> [THE DATA]:
((
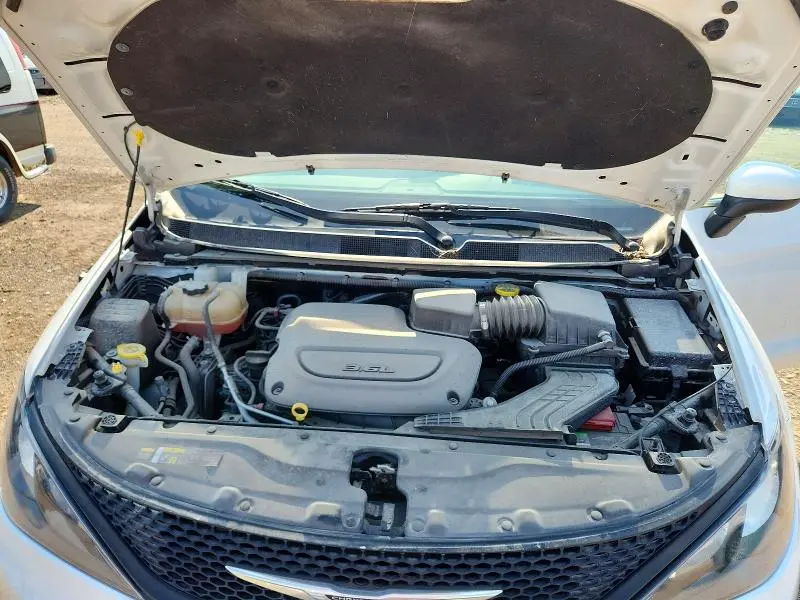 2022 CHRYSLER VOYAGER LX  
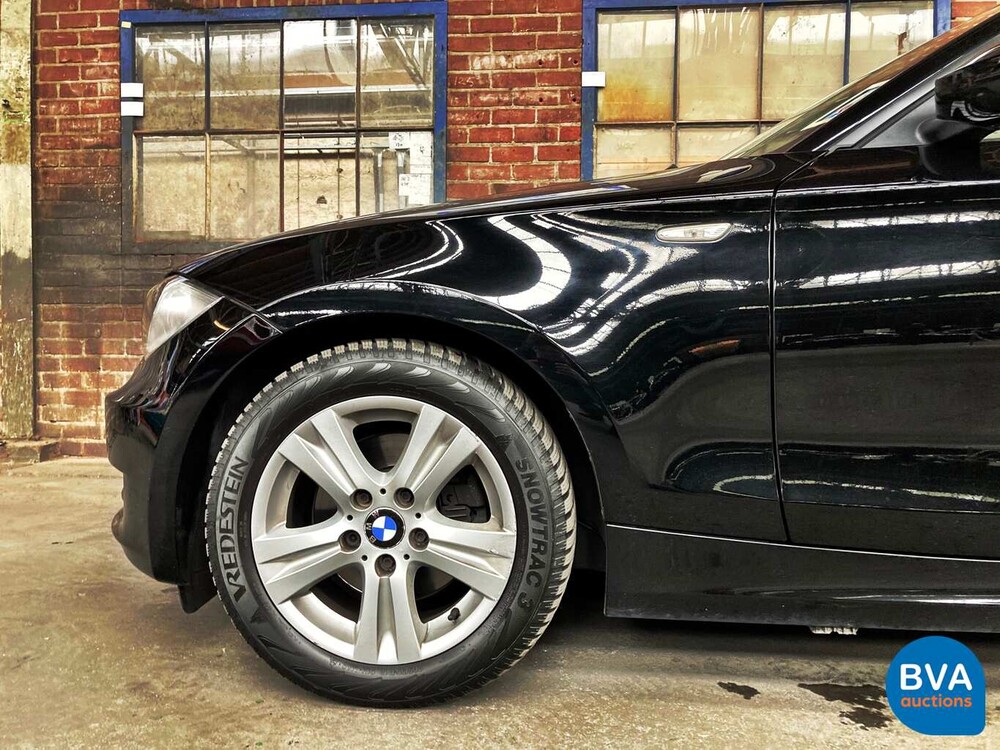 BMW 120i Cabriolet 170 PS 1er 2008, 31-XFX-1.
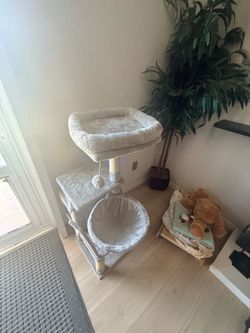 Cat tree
))
Restate all the material verbatim; omit every picture.

 2022 CHRYSLER VOYAGER LX  
 BMW 120i Cabriolet 170 PS 1er 2008, 31-XFX-1.
 Cat tree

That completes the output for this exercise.